### Task brief
Your copy should start at the line with "Watercolor Cat CGFGHHUY" and end at the line with "Rüzgar Gülü Temalı Doğum Günü Magnet" in the data below. Transcribe only those lines, exactly, pictures excluded.

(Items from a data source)

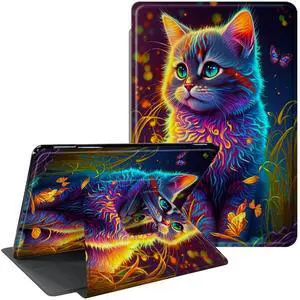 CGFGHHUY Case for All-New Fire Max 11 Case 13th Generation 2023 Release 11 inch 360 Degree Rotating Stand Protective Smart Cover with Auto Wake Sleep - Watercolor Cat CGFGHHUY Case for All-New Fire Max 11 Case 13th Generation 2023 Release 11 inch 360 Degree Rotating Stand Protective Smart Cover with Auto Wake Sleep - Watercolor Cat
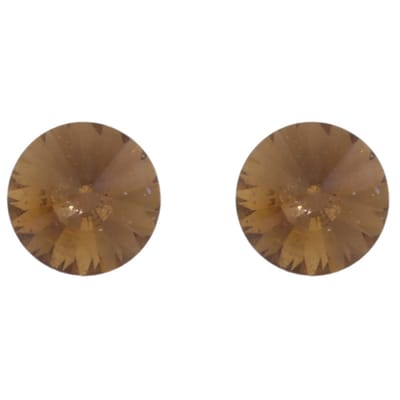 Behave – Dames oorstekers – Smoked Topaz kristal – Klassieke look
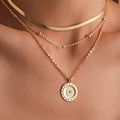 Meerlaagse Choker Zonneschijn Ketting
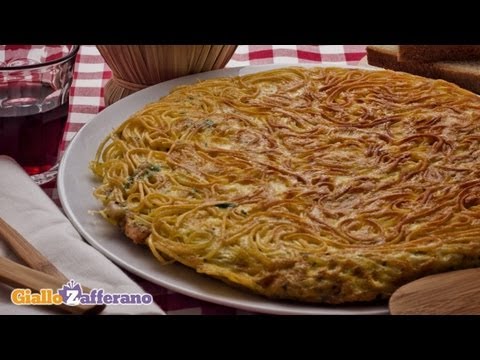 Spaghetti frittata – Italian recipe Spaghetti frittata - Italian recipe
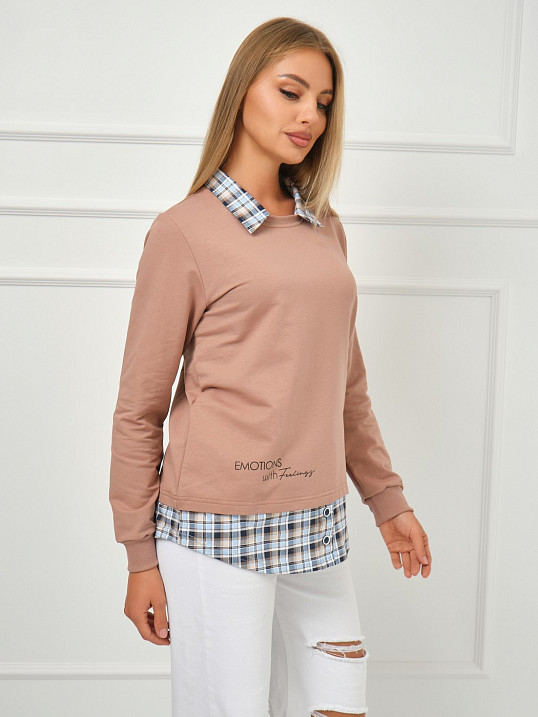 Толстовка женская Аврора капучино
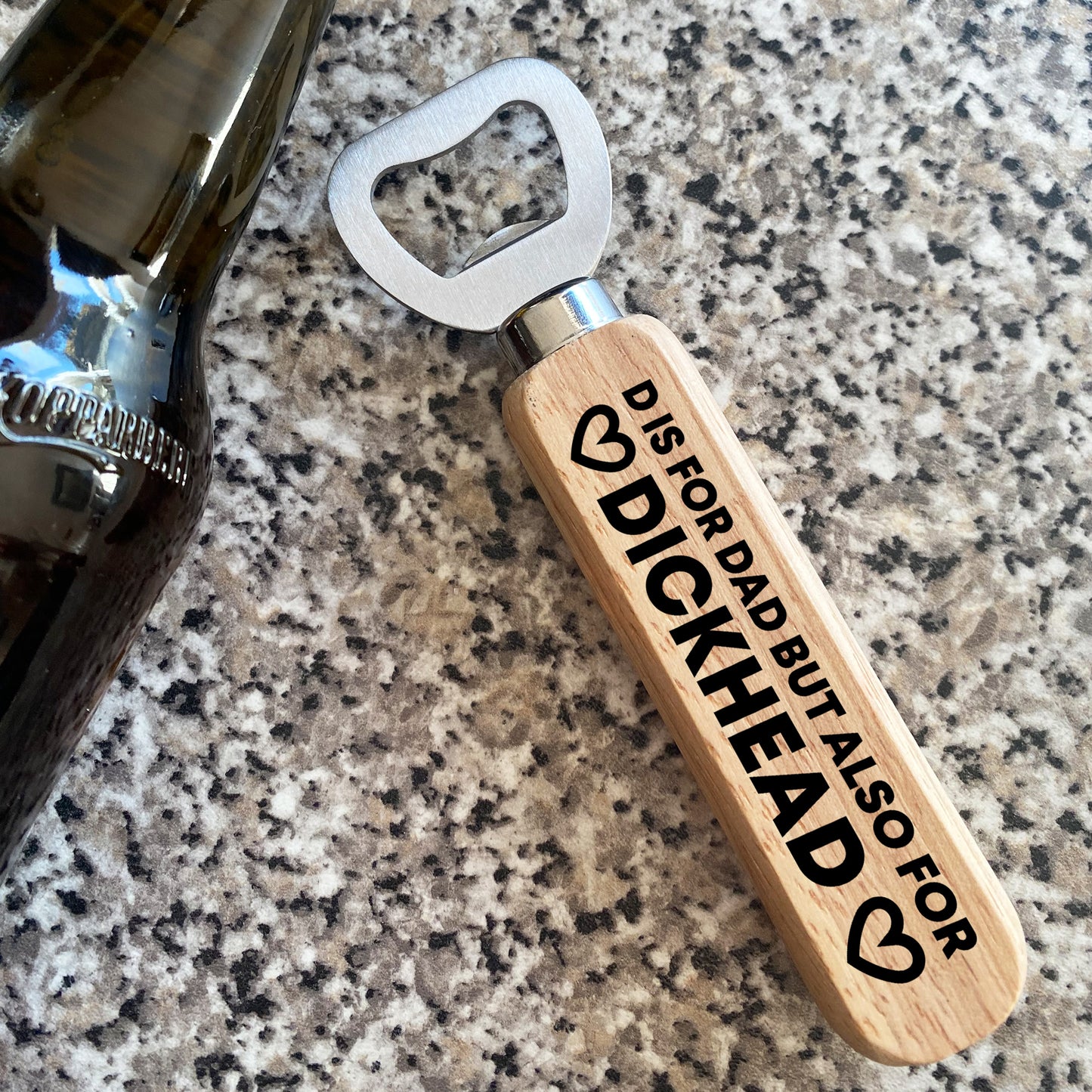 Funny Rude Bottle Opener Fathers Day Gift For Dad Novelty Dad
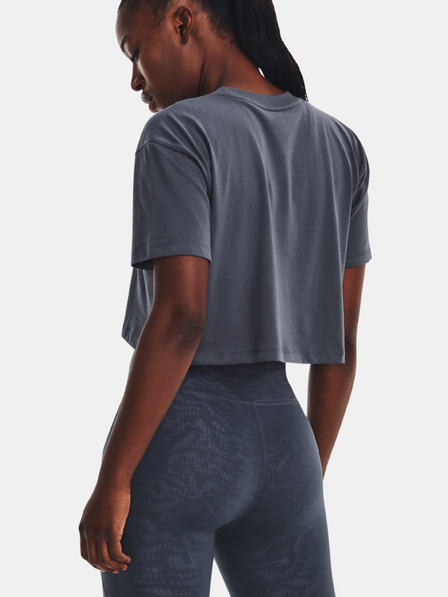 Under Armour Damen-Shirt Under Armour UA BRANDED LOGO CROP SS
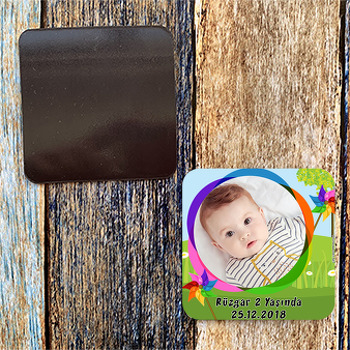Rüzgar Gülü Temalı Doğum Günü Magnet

--

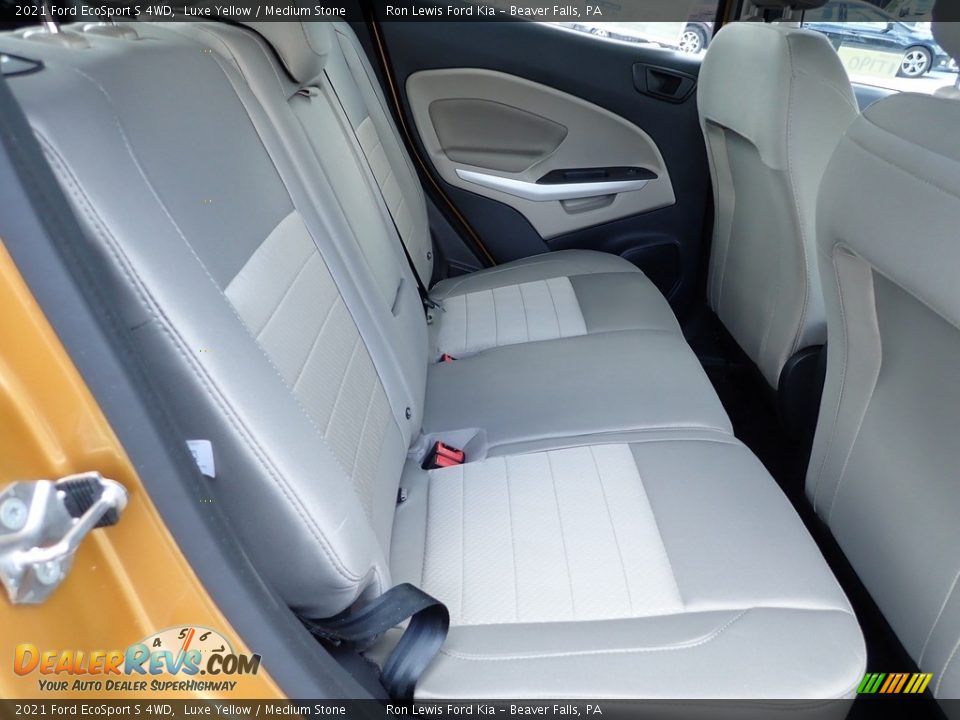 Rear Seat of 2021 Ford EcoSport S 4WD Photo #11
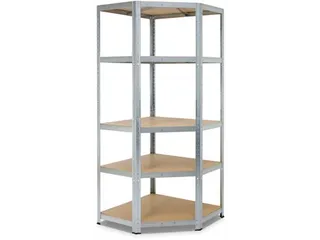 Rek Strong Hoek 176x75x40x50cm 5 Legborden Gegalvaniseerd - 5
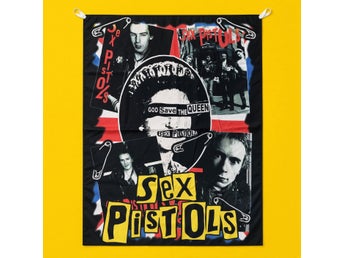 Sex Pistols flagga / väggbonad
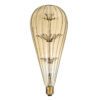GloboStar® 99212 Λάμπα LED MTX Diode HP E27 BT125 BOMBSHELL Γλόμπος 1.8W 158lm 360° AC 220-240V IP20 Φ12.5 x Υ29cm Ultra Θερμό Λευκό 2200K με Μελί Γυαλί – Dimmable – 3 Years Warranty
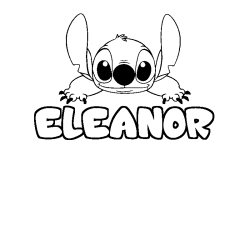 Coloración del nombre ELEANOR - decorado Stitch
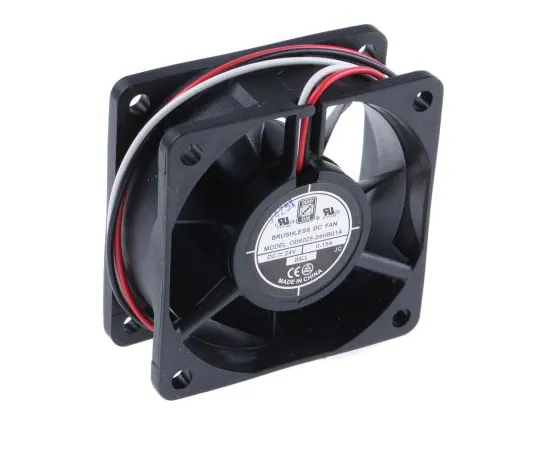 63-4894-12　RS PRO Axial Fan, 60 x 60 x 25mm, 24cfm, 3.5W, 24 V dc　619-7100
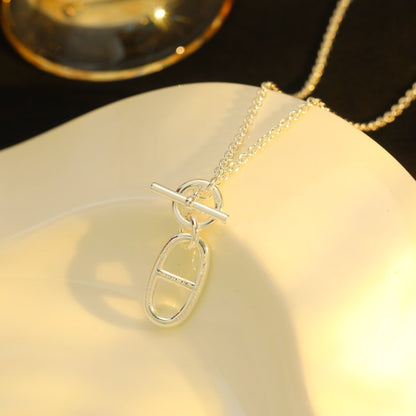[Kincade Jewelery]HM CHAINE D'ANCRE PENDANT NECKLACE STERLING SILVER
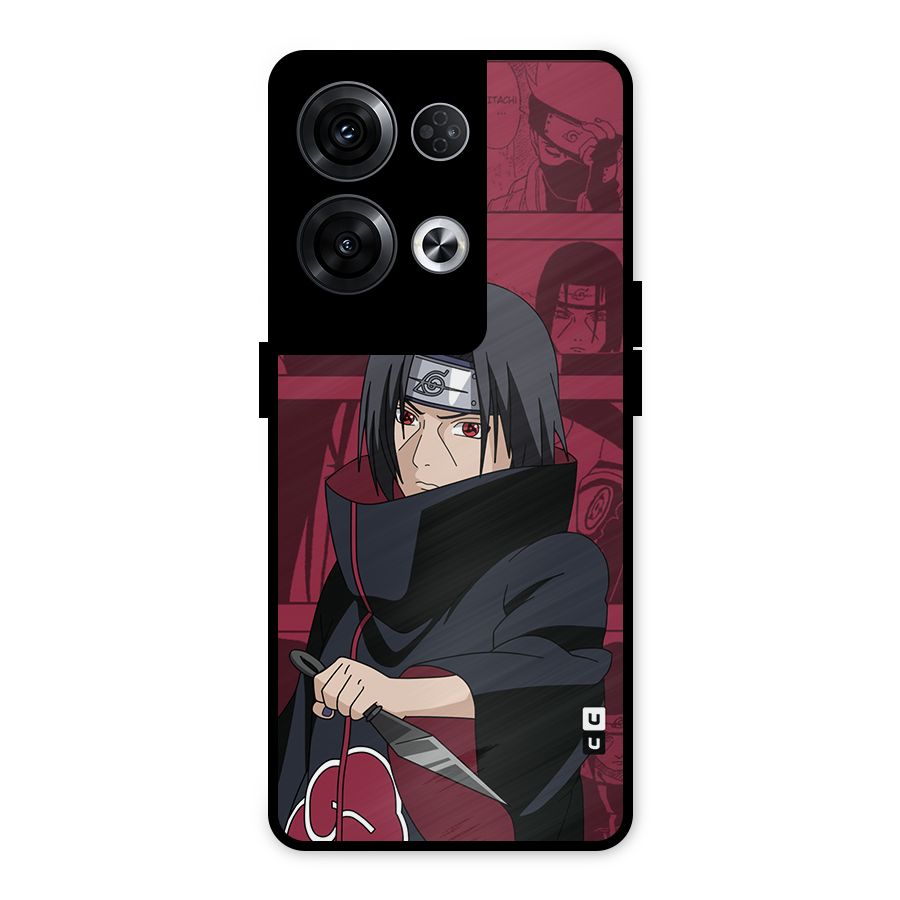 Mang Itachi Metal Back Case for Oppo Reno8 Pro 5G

...

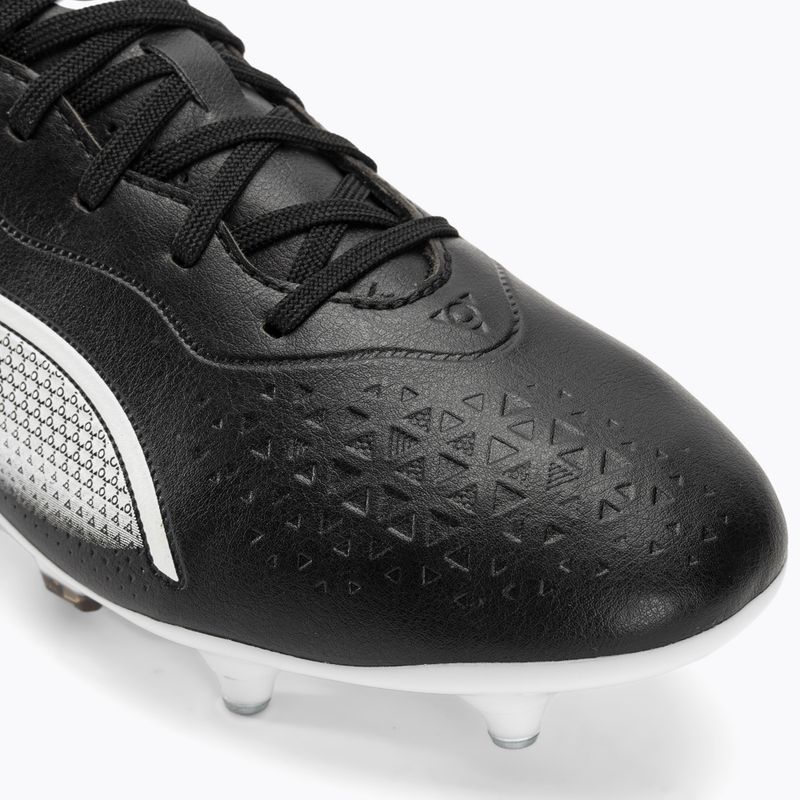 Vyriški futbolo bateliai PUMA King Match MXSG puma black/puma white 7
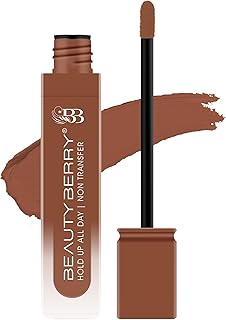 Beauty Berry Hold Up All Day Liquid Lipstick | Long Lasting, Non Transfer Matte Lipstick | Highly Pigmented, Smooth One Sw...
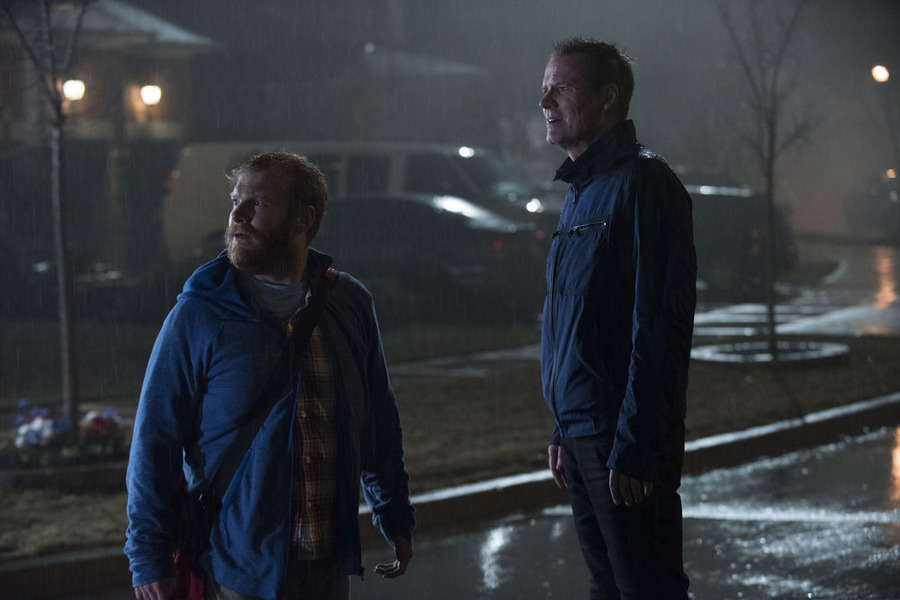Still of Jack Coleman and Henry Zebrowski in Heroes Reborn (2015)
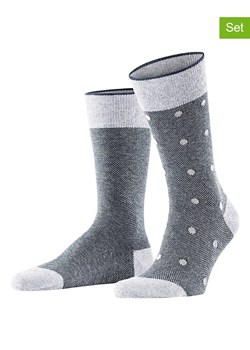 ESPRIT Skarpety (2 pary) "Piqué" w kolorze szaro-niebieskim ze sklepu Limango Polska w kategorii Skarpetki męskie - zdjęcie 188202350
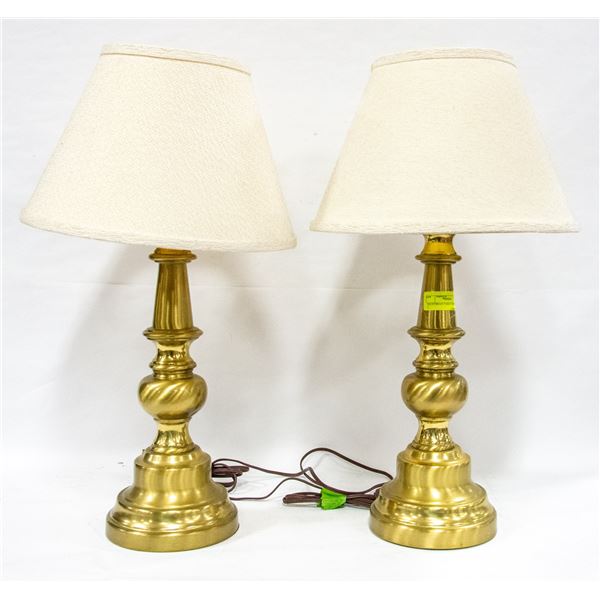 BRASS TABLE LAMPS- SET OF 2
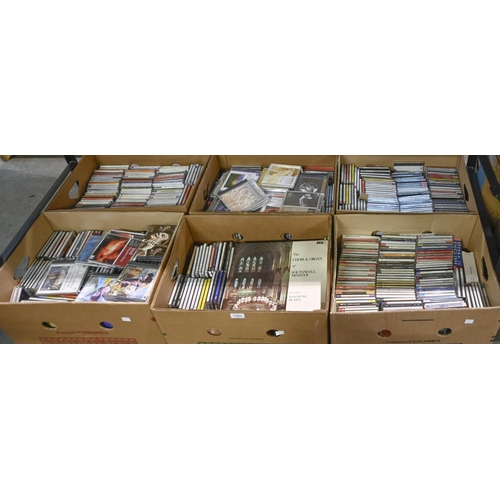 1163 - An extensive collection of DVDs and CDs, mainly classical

### Written solution
 CGFGHHUY Case for All-New Fire Max 11 Case 13th Generation 2023 Release 11 inch 360 Degree Rotating Stand Protective Smart Cover with Auto Wake Sleep - Watercolor Cat CGFGHHUY Case for All-New Fire Max 11 Case 13th Generation 2023 Release 11 inch 360 Degree Rotating Stand Protective Smart Cover with Auto Wake Sleep - Watercolor Cat
 Behave – Dames oorstekers – Smoked Topaz kristal – Klassieke look
 Meerlaagse Choker Zonneschijn Ketting
 Spaghetti frittata – Italian recipe Spaghetti frittata - Italian recipe
 Толстовка женская Аврора капучино
 Funny Rude Bottle Opener Fathers Day Gift For Dad Novelty Dad
 Under Armour Damen-Shirt Under Armour UA BRANDED LOGO CROP SS
Rüzgar Gülü Temalı Doğum Günü Magnet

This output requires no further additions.